##### Stored data #####

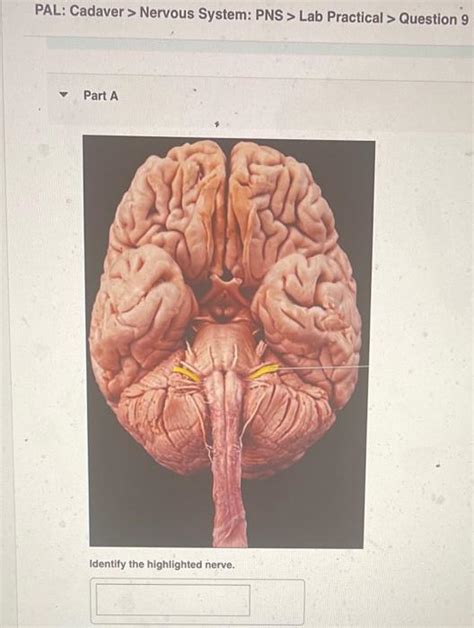 Solved PAL Cadaver Nervous System PNS Lab Practical Chegg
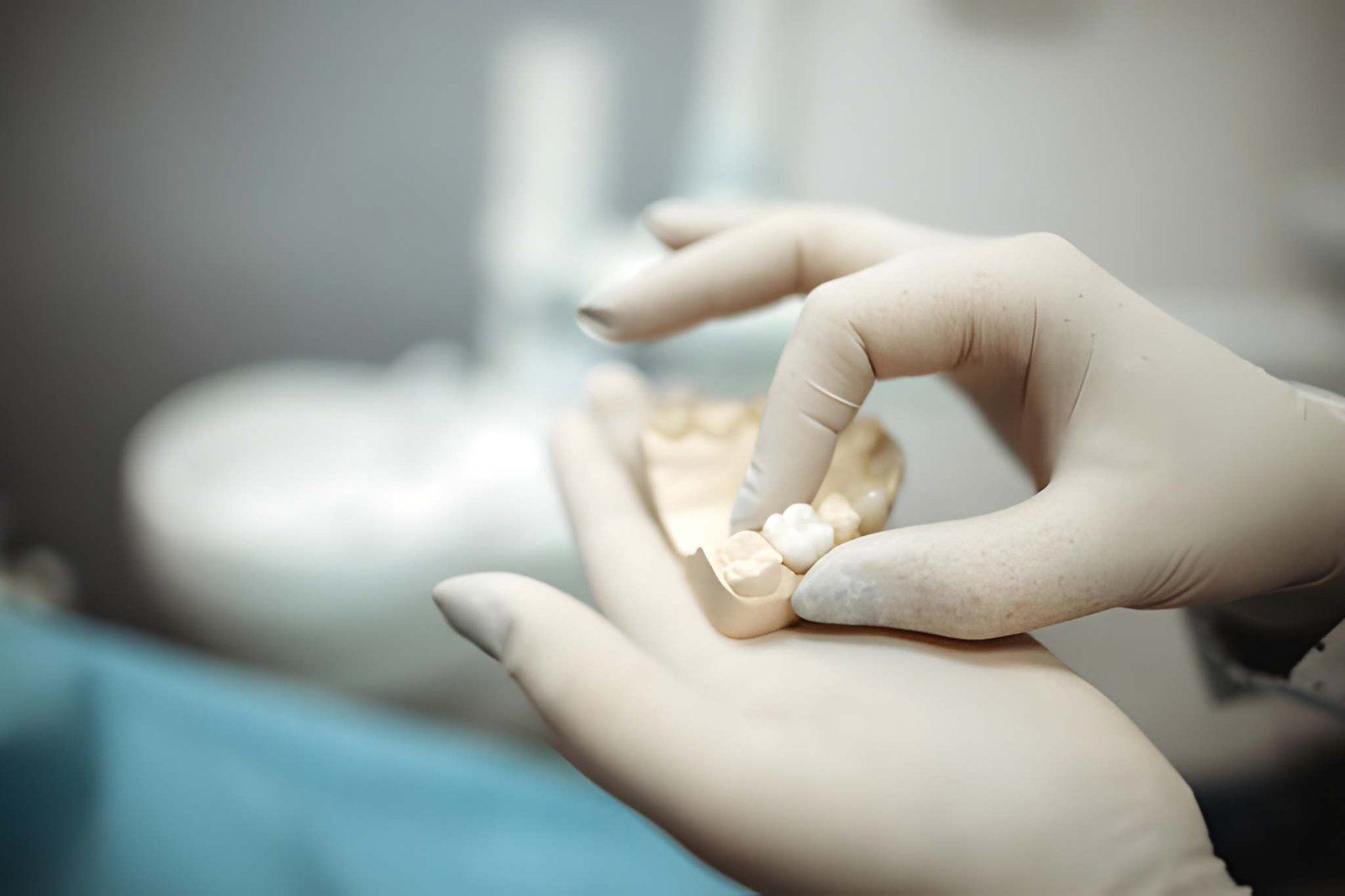 What is a dental crown?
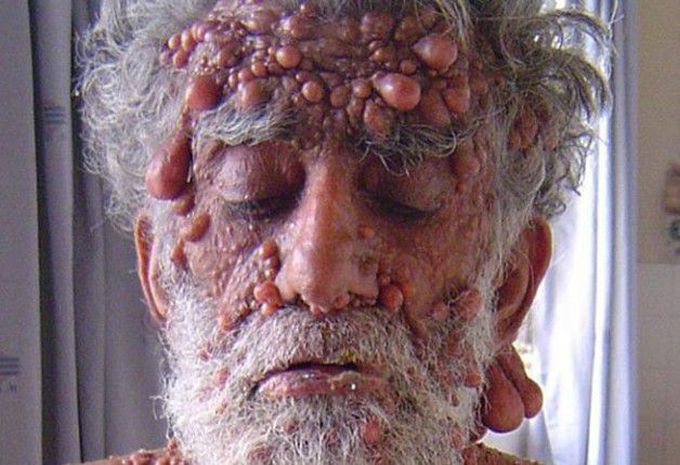 Diagnosis?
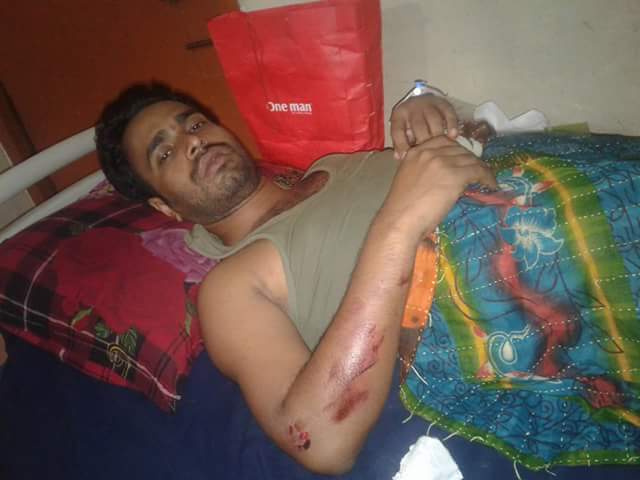 সোনাগাজী উপজেলা ছাত্রলীগের সহ-সভাপতি জলিল সড়ক দুর্ঘটনায় অাহত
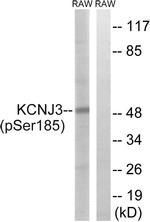 Phospho-Kir3.1 (Ser185) Antibody in Western Blot (WB)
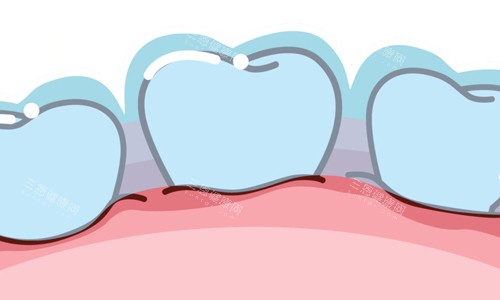 保护牙齿重要性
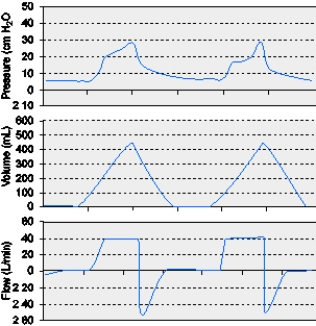 The graphics below indicate which of the following conditions?   A)  Auto-PEEP B)  Active exhalation C)  Inadequate flow setting D)  Increased expiratory resistance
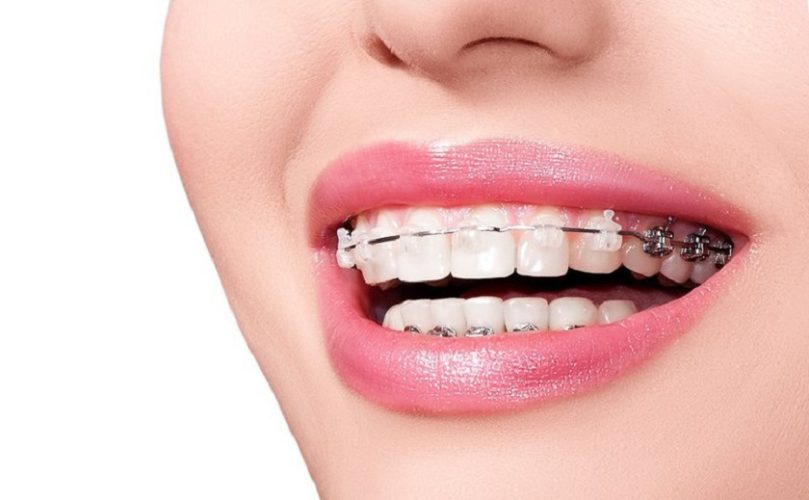 Niềng răng Implant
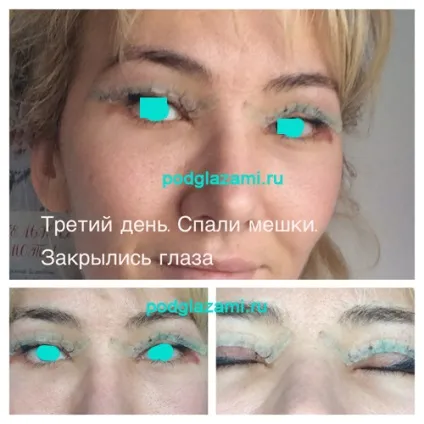 Жирова грижа під очима лікування без операції народними засобами (блефаропластика) Жирова грижа під очима лікування без операції народними засобами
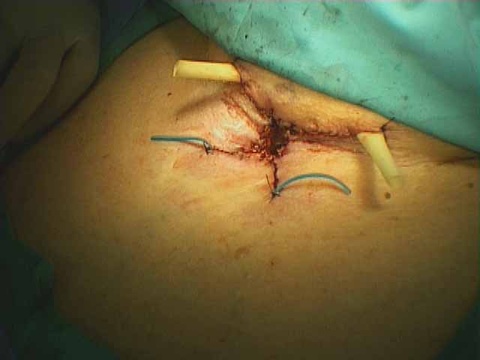 043%20trachstenosis.jpg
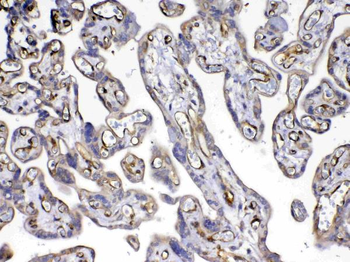 VEGF Receptor 3/FLT4 Rabbit Polyclonal Antibody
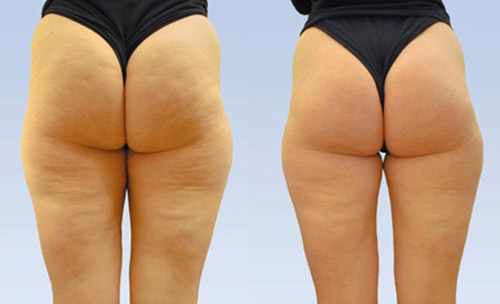 Cellulite
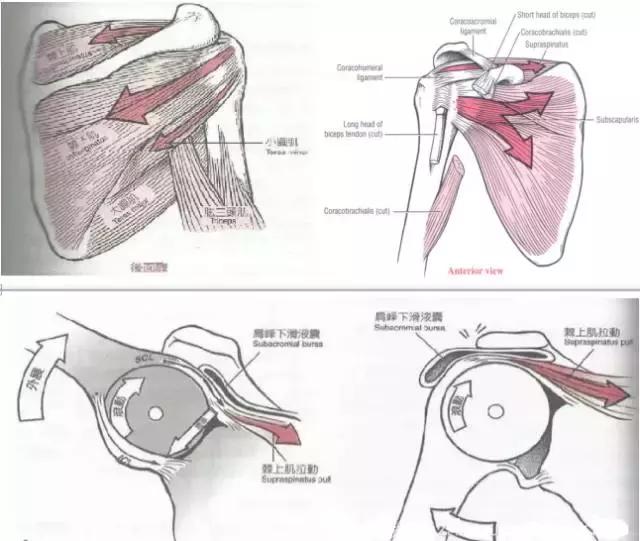 肩部撞击症,肩部撞击怎么康复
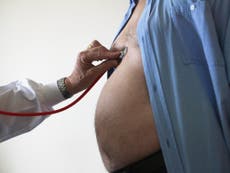 UK obesity crisis will cause 360,000 cancers by 2030, NHS warns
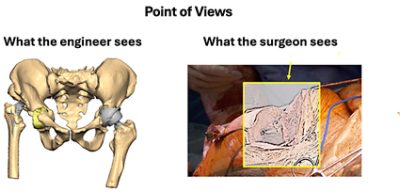 Comparison of perspective between implant designer and surgeon during surgery.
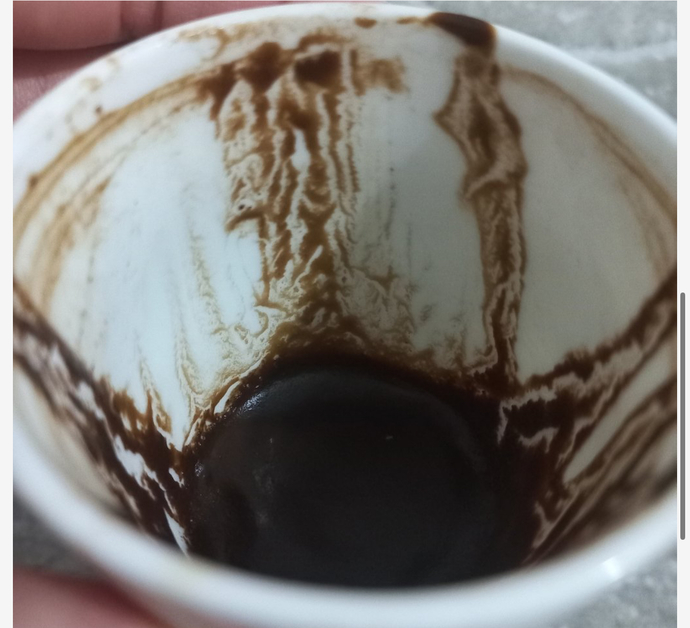 Ask hayatimla bakar mısınız canlaaar eig xper?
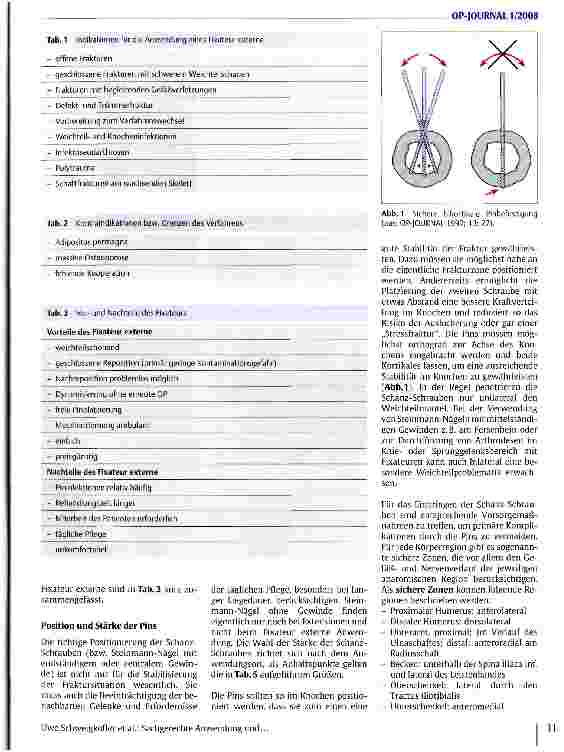 Vorschauseite 2: Sachgerechte Anwendung und Komplikationsmanagement beim Fixateur externe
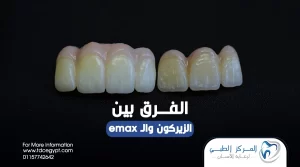 الفرق بين تركيبات الزيركون وال emax | المركز الطبي لرعاية الأسنان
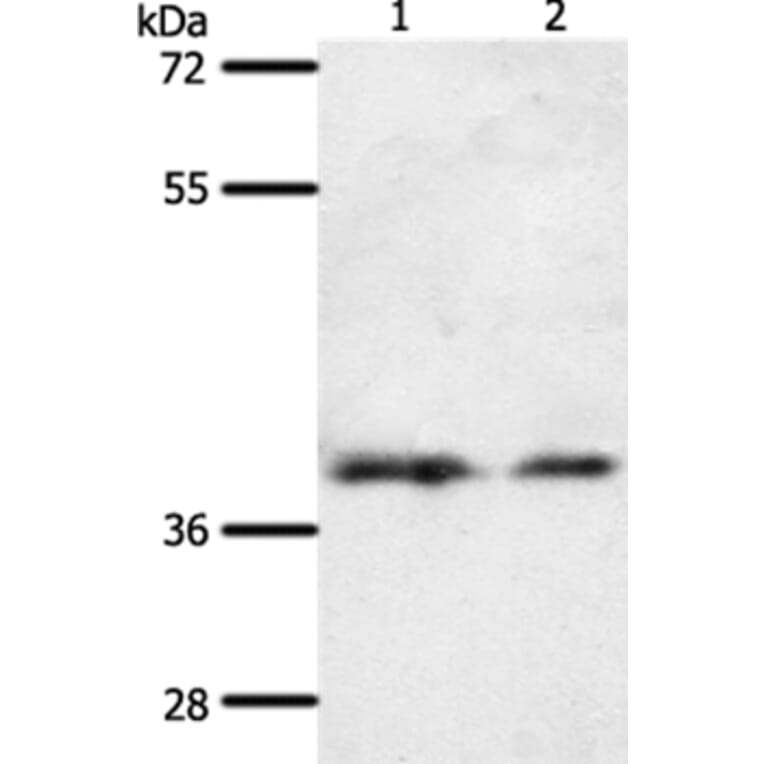 SSTR1 Antibody from Signalway Antibody (37256) - Antibodies.com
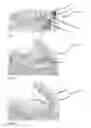 Fig. 02 - METHOD FOR PRODUCING A PARTIAL OR TOTAL PROSTHESIS, AND PROSTHESIS OBTAINABLE BY THIS METHOD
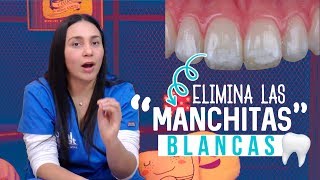 Manchas Blancas en los Dientes ¡Como QUITARLAS 👌 [upl. by Jacobine21]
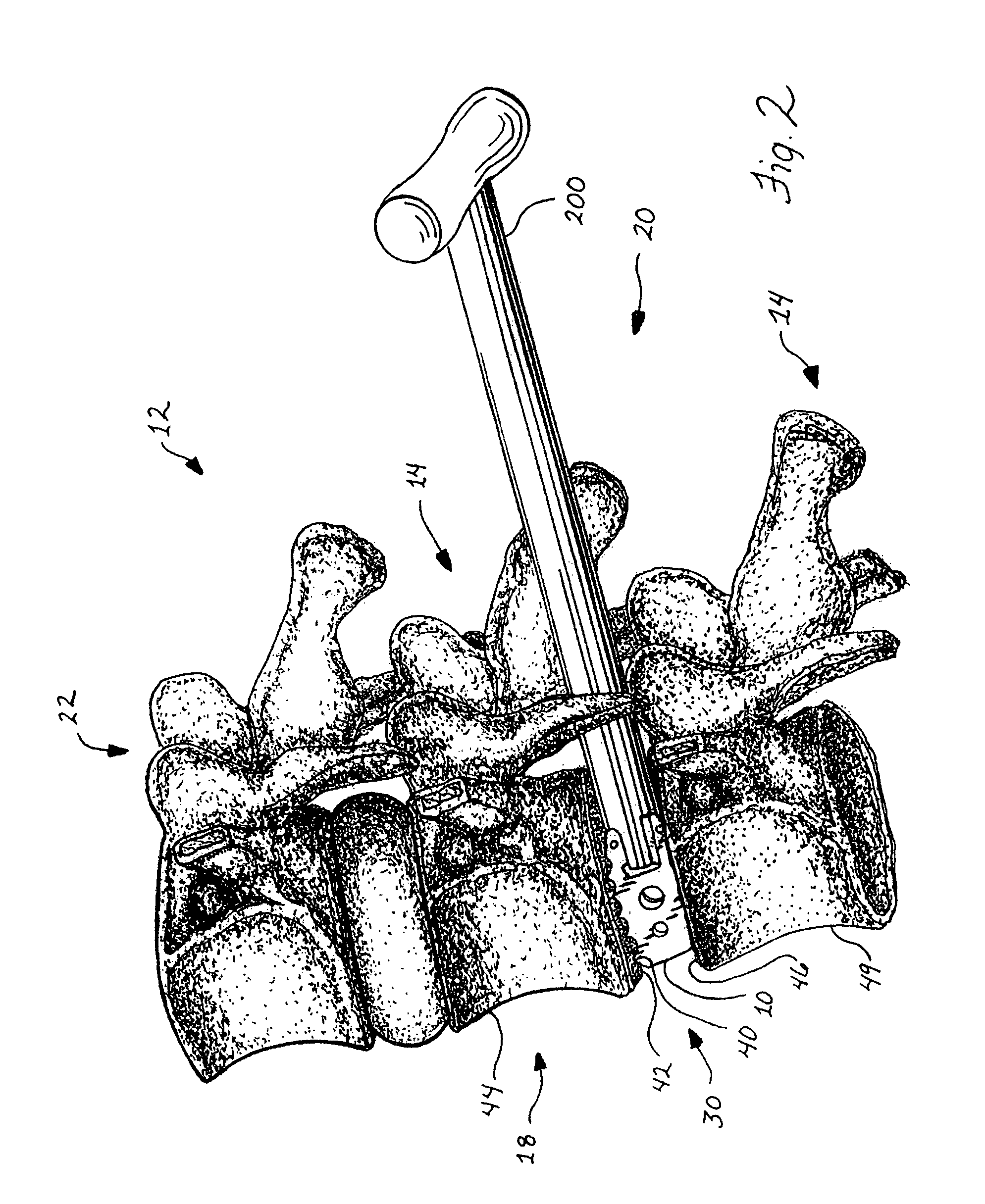 Spinal stabilization device and methods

#####

◆ Goal of the exercise ◆
Return every entry above exactly as written, with no pictures included.

◆ Answer section ◆
 Solved PAL Cadaver Nervous System PNS Lab Practical Chegg
 What is a dental crown?
 Diagnosis?
 সোনাগাজী উপজেলা ছাত্রলীগের সহ-সভাপতি জলিল সড়ক দুর্ঘটনায় অাহত
 Phospho-Kir3.1 (Ser185) Antibody in Western Blot (WB)
 保护牙齿重要性
 The graphics below indicate which of the following conditions?   A)  Auto-PEEP B)  Active exhalation C)  Inadequate flow setting D)  Increased expiratory resistance
 Niềng răng Implant
 Жирова грижа під очима лікування без операції народними засобами (блефаропластика) Жирова грижа під очима лікування без операції народними засобами
 043%20trachstenosis.jpg
 VEGF Receptor 3/FLT4 Rabbit Polyclonal Antibody
 Cellulite
 肩部撞击症,肩部撞击怎么康复
 UK obesity crisis will cause 360,000 cancers by 2030, NHS warns
 Comparison of perspective between implant designer and surgeon during surgery.
 Ask hayatimla bakar mısınız canlaaar eig xper?
 Vorschauseite 2: Sachgerechte Anwendung und Komplikationsmanagement beim Fixateur externe
 الفرق بين تركيبات الزيركون وال emax | المركز الطبي لرعاية الأسنان
 SSTR1 Antibody from Signalway Antibody (37256) - Antibodies.com
 Fig. 02 - METHOD FOR PRODUCING A PARTIAL OR TOTAL PROSTHESIS, AND PROSTHESIS OBTAINABLE BY THIS METHOD
 Manchas Blancas en los Dientes ¡Como QUITARLAS 👌 [upl. by Jacobine21]
 Spinal stabilization device and methods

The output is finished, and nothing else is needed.